AIM OF THE EXERCISE
Everything from the line with "TRENCH OVERSIZE CUADROS" to the end of the data below, both lines included, should be transcribed exactly; please omit the pictures.

MATERIAL FOR THIS TASK
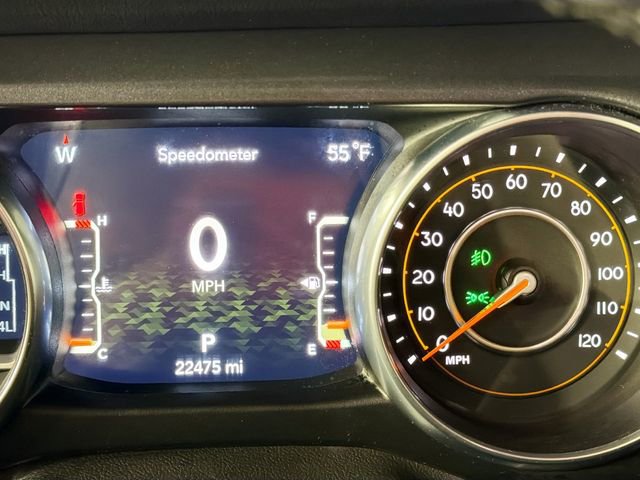 Used 2023 Jeep Wrangler Sahara image 13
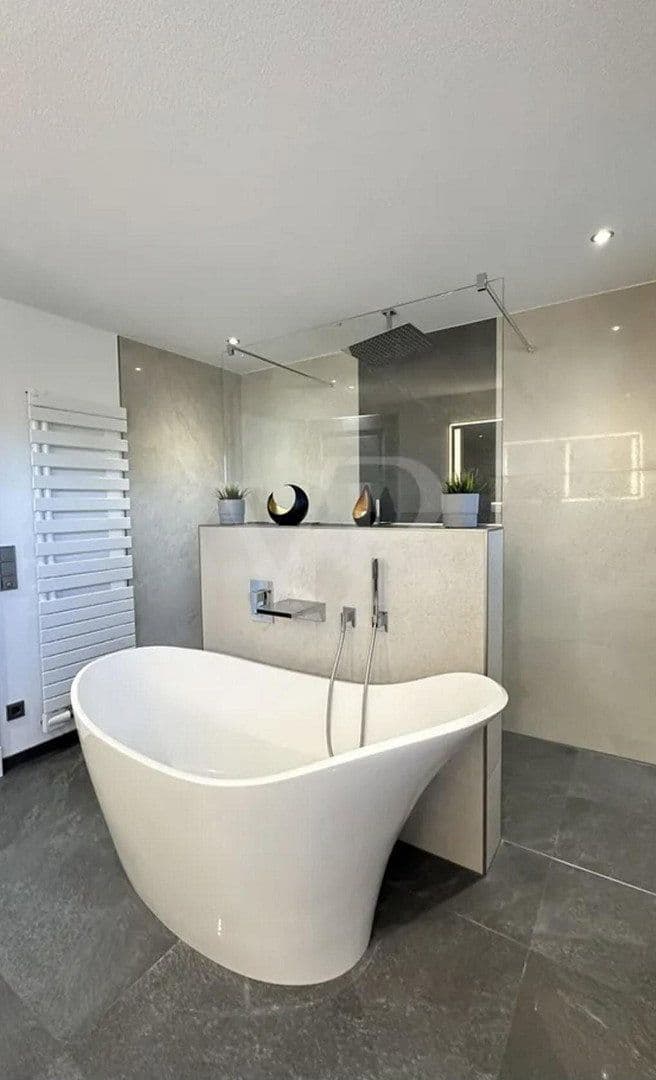 Predaj domu 250 m², pozemok 1.340 m², Oschersleben, Sasko-Anhaltsko Predaj domu 250 m², pozemok 1.340 m², Oschersleben, Sasko-Anhaltsko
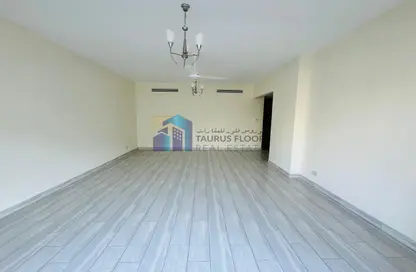 Apartment - 2 Bedrooms - 2 Bathrooms for rent in Riggat Al Buteen - Deira - Dubai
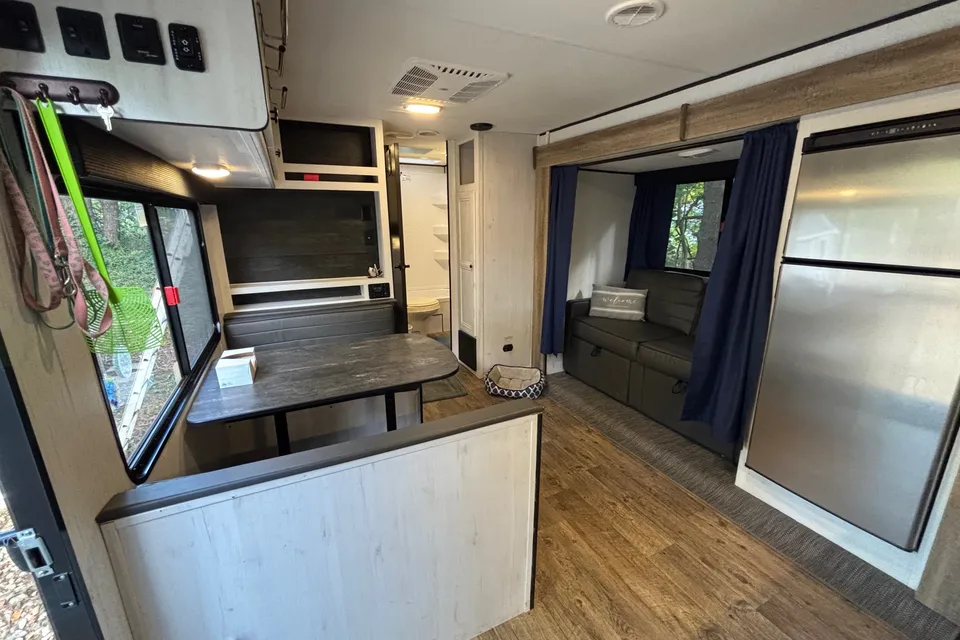 Howie and Jenny’s Heartland Trailrunner Travel Trailer
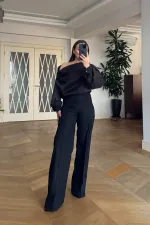 Düşük Omuz Gül Detaylı Bluz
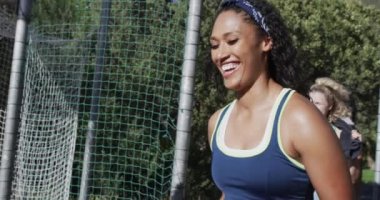 Çeşitli bayan basketbol takımları sahada erkek antrenörlerle ağır çekimde antrenman yapıyor. Spor, fitness, sağlık ve açık hava aktiviteleri, değiştirilmemiş.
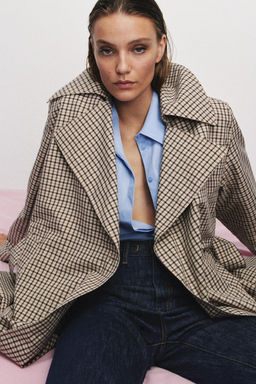 TRENCH OVERSIZE CUADROS ZW COLLECTION / Beige / Verde - Zara фото 7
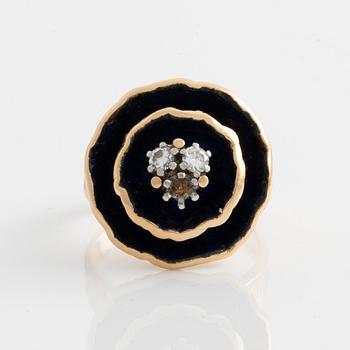 WA Bolin ring in 18K gold and enamel with round brilliant-cut diamonds, designed by Barbro Littmarck.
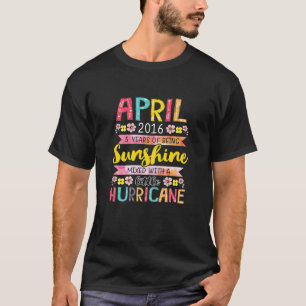 April Mädchen 2016 Geburtstag 5 Jahre Phantastisch T-Shirt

WRITTEN ANSWER
 TRENCH OVERSIZE CUADROS ZW COLLECTION / Beige / Verde - Zara фото 7
 WA Bolin ring in 18K gold and enamel with round brilliant-cut diamonds, designed by Barbro Littmarck.
 April Mädchen 2016 Geburtstag 5 Jahre Phantastisch T-Shirt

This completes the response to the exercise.